Nun läuft dieser Polit-Porn in Panorama, der neben dem Wettbewerb wohl wichtigsten Sektion. In Panorama konkurrieren alle Filme um den renommierten Publikumspreis. Jeder kann nach einem Screening auf Postkarten abstimmen, wie ihm oder ihr die einzelnen Filme gefallen. Und am Ende gewinnen ein Spielfilm und eine Doku die Auszeichnungen.
Da „The Visitor“ vor allem von Fans des bekannten queeren Filmemachers Bruce LaBruce besucht wird, die ihn während der Premiere frenetisch bejubeln, ist mit guten Bewertungen zu rechnen. Falls der Film gewinnt, bahnt sich ein spannendes Sozial-Experiment am letzten Berlinale-Tag an. Dann werden die Preise verliehen und die Gewinner-Filme erneut gezeigt, unbescholtene Berliner/innen haben bereits im Voraus Tickets erstanden. Und wären unverhofft in diesem Streifen gelandet.
Schon bei der Premiere sind nach und nach vor allem ältere Herrschaften leicht empört aus dem Saal geflohen. Vielleicht, weil irgendwann nicht nur der schwarze Besucher mit den einzelnen Familienmitgliedern schläft, sondern der Vater auch mit Tochter und Sohn. Es wäre jedenfalls spannend, wie viele Menschen bis zum Ende durchhielten.
Boykott der Co-Autorin
Wer bleibt, hätte die Chance auf ein erneutes Spektakel, wie bei der Premiere. Dort verkündet der Regisseur, dass eine Co-Autorin die Berlinale boykottiert, weil ihr Deutschland zu Israel-freundlich sei. Das ganze Filmteam und einige im Publikum klatschen, und man fragt sich zwangsläufig: Wenn ihr das so gut findet, warum seid ihr dann gekommen? Seid ihr nicht gerade der lebende Beweis dafür, dass man in Deutschland frei diskutieren und mit Kunst provozieren darf? Was wäre den Palästinenser/innen geholfen, im Übrigen vor allem den queeren, die in Gaza vor dem Krieg von Hochhäusern gestürzt werden, wenn dieser Film hier nicht gelaufen wäre?

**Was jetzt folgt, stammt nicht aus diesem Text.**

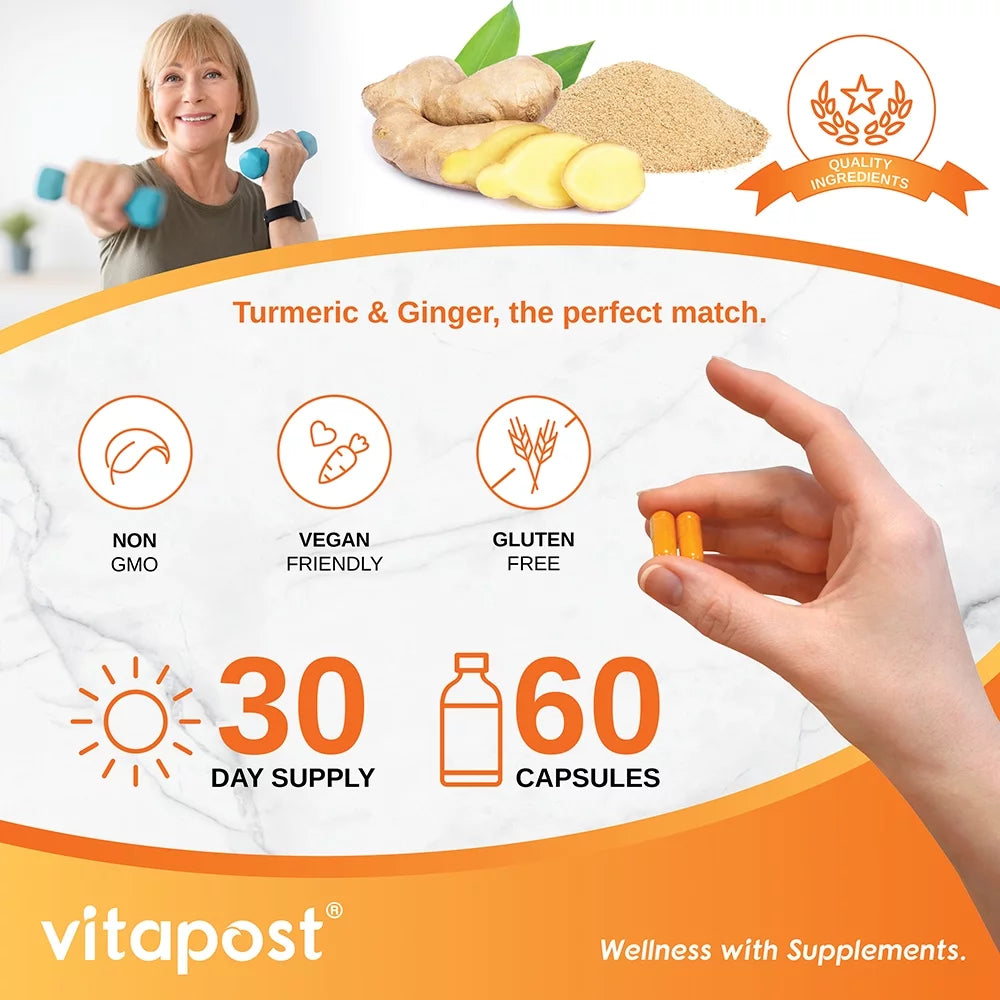 Turmeric & Ginger Supplement with BioPerine 60 Capsules K3888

Ich meine, man könnte den Spieß ja auch einmal umdrehen. Und fragen, warum ein Filmteam komplett ohne schwarze Person einen Film produziert, in dem ein Schwarzer im Mittelpunkt steht. Es werden post-koloniale und post-imperialistische Botschaften gefeiert, und doch beutet der Film letztlich den attraktiven Körper und die Potenz seines schwarzen Hauptprotagonisten aus.

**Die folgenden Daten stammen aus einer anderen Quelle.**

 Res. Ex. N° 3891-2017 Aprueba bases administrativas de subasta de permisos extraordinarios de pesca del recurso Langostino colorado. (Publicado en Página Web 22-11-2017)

Persönlich finde ich das nicht schlimm, Widersprüche gehören nun einmal dazu. Und besonders Weiße sollten sich mit diesen Themen beschäftigen und gern solche Filme machen. Aber wer sich als moralisch rein feiert und aus jedem Stück Kunst einen politischen Akt macht, der muss sich solche Gegenfragen gefallen lassen.